The rest of you probably thought the eight-day event was a nonstop whirl of yacht parties fueled by an unending waterfall of rosé, but what we experienced there reinvigorated us for the work we are doing back here at Adestra on behalf of our clients and partners.

Sure, the parties were great, and we were as interested as anybody else in the films and commercials that won Bronze, Silver and Gold Lions as well as the coveted Grand Prix. But what we took away, and what we will build on now that we’re home, are all the connections we made and the wealth of creativity on display everywhere.

Cannes wasn’t all fun, sun and rubbing shoulders with the biggest names in tech, advertising, music and film on the beaches of southern France. Matt represented Adestra and First-Person Marketing during a panel discussion, “Moving from Impressions to People,” at our home away from home, the OMD Oasis. (More on that later!)

Here’s a quick look at what we saw, learned, discussed and brought back.

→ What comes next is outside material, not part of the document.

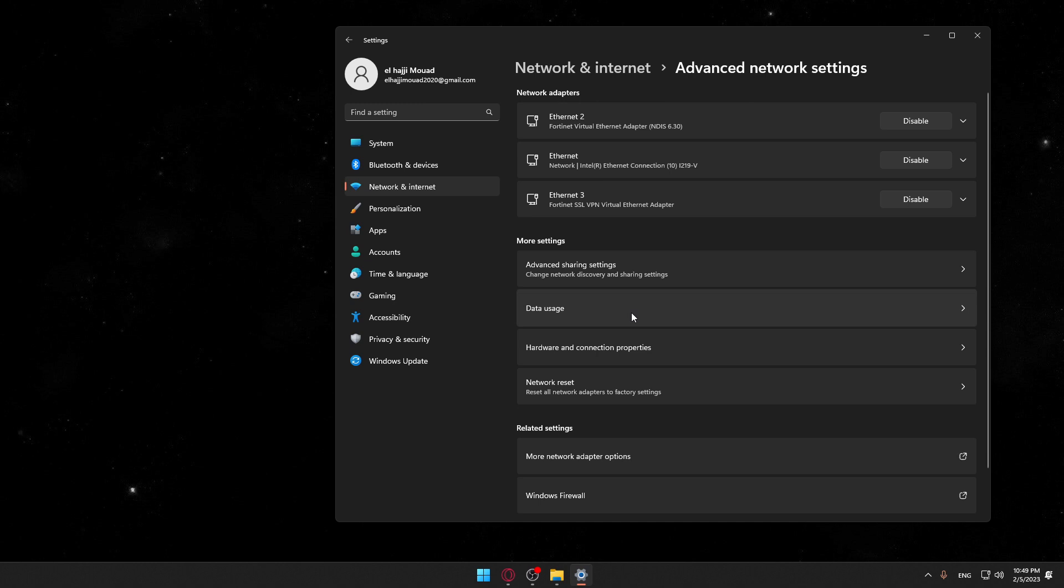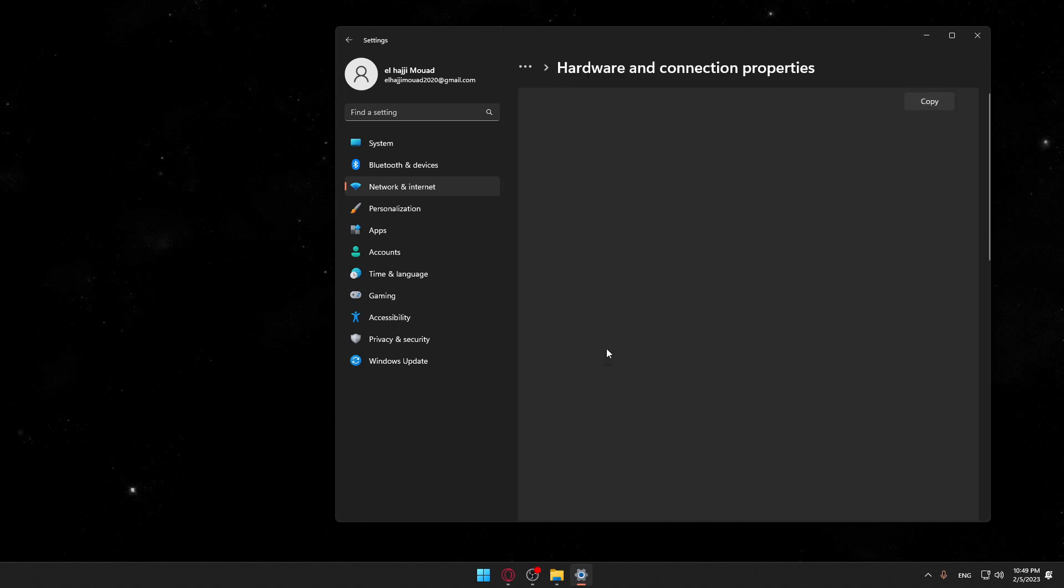Now you would like to tap or click on the Hardware and Connection Properties, which is the third option here in More Settings.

Creativity flourishing everywhere

The real power of the Cannes Lions is the focus on creativity throughout the show. It’s not just showcasing the best TV commercials in the world (like Burger King’s Grand Prix-winning takeover of Google Home devices) and other entertainment.

But it was also the discussions, both planned and spontaneous, that cropped up everywhere on what creativity is or isn’t, how to nurture it, how to pay for it and how to make it pay.

From panel discussions to TED Talk-style lectures, videos and TV commercials, creativity was on tap everywhere. The best conversations were about fostering creativity on behalf of or within your clients, where to look for the extra nugget to push forward, how to push the boundaries of the client’s vision and when to stick with what’s traditional.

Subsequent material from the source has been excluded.